By changing the value of `n`, you can listen to other examples.

Exactly, how complex is an audio signal? Let's start by looking at the number of samples in our first audio files:

In [None]:
n=0
x, fs = librosa.load(files[n],sr=fs)

print('This audio signal has', len(x), 'samples')

If we are using a raw audio signal as the input of a machine learning model, we will be operating in a predictor space consisting of hundreds of thousands of dimensions. Compare this figure with the number of samples that we have in our dataset. Do you think we have enough samples to train a model that takes one of these audio signals as an input? 

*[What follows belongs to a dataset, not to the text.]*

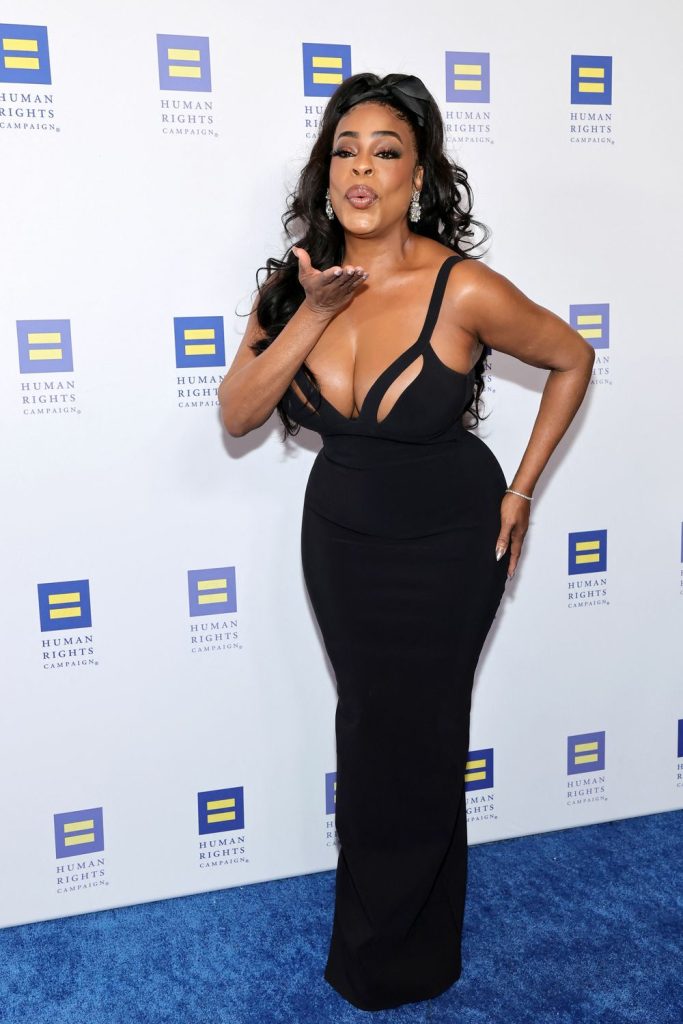 A woman in a form-fitting black dress blows a kiss while posing on a blue carpet in front of a backdrop with repeating Human Rights Campaign logos.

One approach to deal with high dimensionality is to extract a few features from our signals and use these features as predictors, instead of the raw audio signal. In this notebook we will define four audio features, namely:


1.   Power.
2.   Fraction of voiced region.
3.   Pitch mean.
4.   Pitch standard deviation.
   

In the next cell, we define a new function that gets the pitch of an audio signal (do not worry if you do not know what it is, but feel free to independently read about it!).

In [None]:
def getPitch(x,fs,winLen=0.02):
  p = winLen*fs
  frame_length = int(2**int(p-1).bit_length())
  hop_length = frame_length//2
  f0, voiced_flag, voiced_probs = librosa.pyin(y=x, fmin=80, fmax=450, sr=fs,
                                                 frame_length=frame_length,hop_length=hop_length)
  return f0,voiced_flag

Then next cell defines a function that returns a NumPy array (`X`) containing the 2 of the audio features (namely 'power' and 'fraction of voiced region'), which will be used as predictors, and a binary Numpy array (`y`), that indicates whether the type of interpretation is a hum (`y=1`) or whistle (`y=0`).

In [None]:
def getXy(files,labels_file, scale_audio=False, onlySingleDigit=False):
  X,y =[],[]
  for file in tqdm(files):
    fileID = file.split('/')[-1]
    file_name = file.split('/')[-1]
    yi = labels_file.loc[fileID]['interpretation']=='hum'

    fs = None 
    x, fs = librosa.load(file,sr=fs)
    if scale_audio: x = x/np.max(np.abs(x))
    f0, voiced_flag = getPitch(x,fs,winLen=0.02)
      
    power = np.sum(x**2)/len(x)
    voiced_fr = np.mean(voiced_flag)
    pitch_mean = np.nanmean(f0) if np.mean(np.isnan(f0))<1 else 0
    pitch_std  = np.nanstd(f0) if np.mean(np.isnan(f0))<1 else 0

    xi = [power, voiced_fr]
    X.append(xi)
    y.append(yi)

  return np.array(X),np.array(y)

Let's apply `getXy` to the subsample and obtain the NumPy predictor array (`X`) and a binary label (`y`). This could take a while, as we are processing each of the 98 recordings. 

In [None]:
X,y = getXy(files, labels_file=MLENDHW_df, scale_audio=True, onlySingleDigit=True)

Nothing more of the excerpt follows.